The Flevoland deployment occurs against a backdrop of accelerating policy momentum. The Dutch coalition agreement, presented in January 2026 by D66, CDA, and VVD, explicitly prioritizes energy storage as a fundamental component of the future energy system. The Ministry of Climate and Green Growth has announced work on a national storage target, providing long-term visibility for project developers and investors.

The SDE++ scheme, opening for applications on September 22, 2026, offers up to €8 billion in subsidies across five application phases. The Flex-E subsidy, modified to remove congestion management contract requirements for smaller flexibility measures, has made storage investment more accessible for cooperatives and smaller enterprises.

Yet challenges remain. Grid access has emerged as the primary hurdle for BESS projects in the Netherlands, ranking above both economic and permitting challenges.
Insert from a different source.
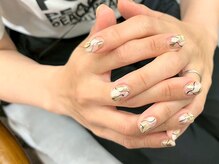 スリープ 中目黒(Sleep nakameguro)/アートネイル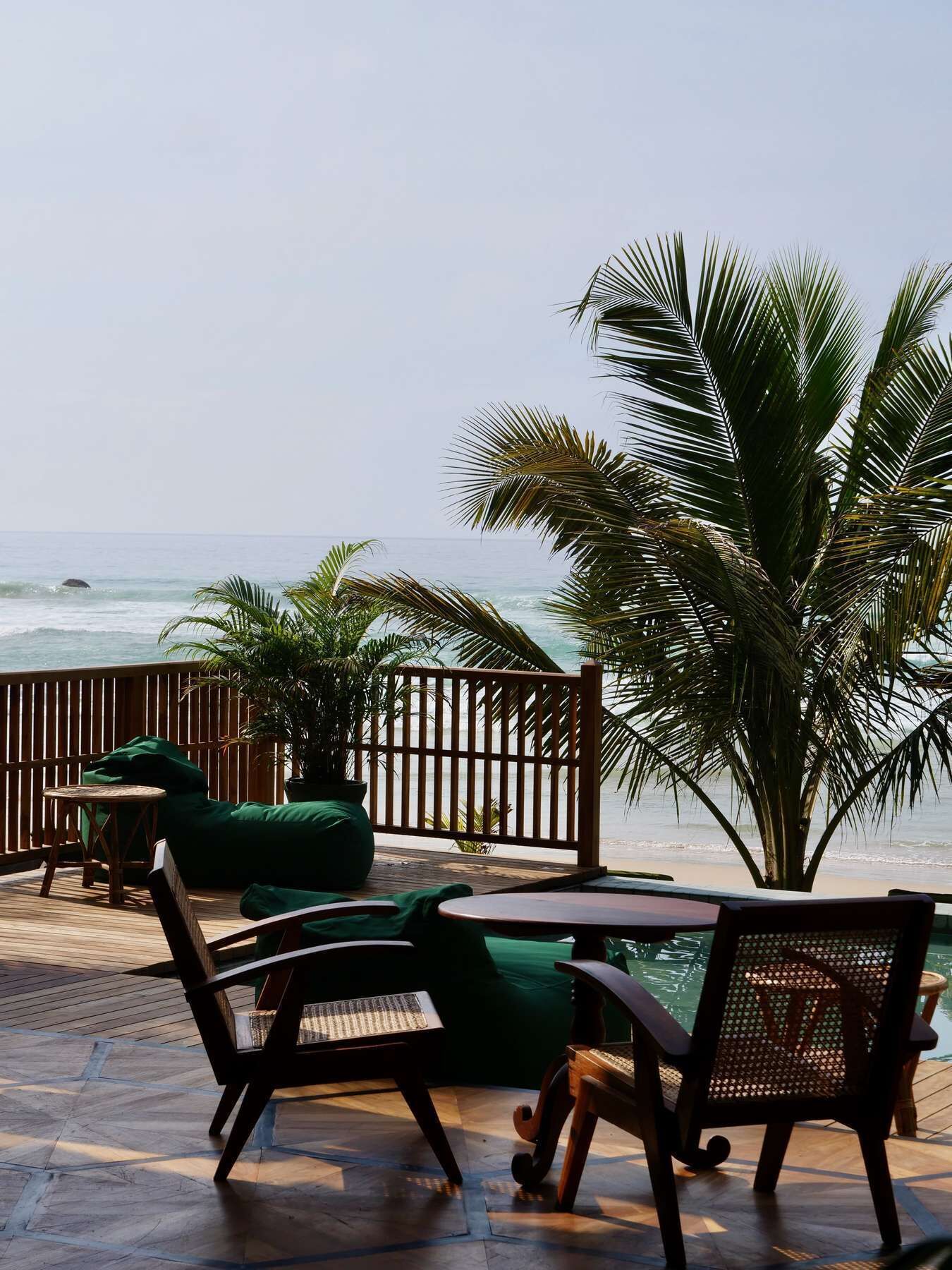 Coast 67 Boutique Hotel 4*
The Flevoland project's success—achieved through early engagement with grid operator Liander and alignment with provincial spatial policy—offers a replicable model for future deployments.


Looking Ahead: Scaling the Solution

The EnerCube3.0 deployment in Flevoland is planned as the first phase of a broader regional storage strategy. Phase two, scheduled for 2027, will expand capacity to 5 MW/10 MWh, integrating additional wind and solar assets across three municipalities. Phase three, contingent on further grid upgrades, aims for 20 MW/40 MWh by 2029.

Dr. van der Meer reflects on the project's broader significance: "We have proven that containerized storage is not just a technical solution—it is a practical, deployable answer to the most urgent challenge in our energy transition. The containers arrived on a ship, were placed on the ground, and within three weeks were delivering value to the grid and the community. This is how we will build Europe's renewable future—not with decade-long infrastructure projects, but with modular, scalable, intelligent systems that meet the moment."


Key Takeaways

  1. Deployability matters: Containerized systems reduced installation time by 85% compared to conventional approaches.

  2. Community engagement is essential: Cooperative ownership models align incentives and accelerate permitting.

  3. Policy creates the runway: SDE++, Flex-E, and provincial spatial policies enabled project viability.

  4. Grid congestion is the driver: Storage is not a luxury—it is a necessity for renewable-rich regions.

  5. Safety and certification build trust: Compliance with international standards was critical for stakeholder acceptance.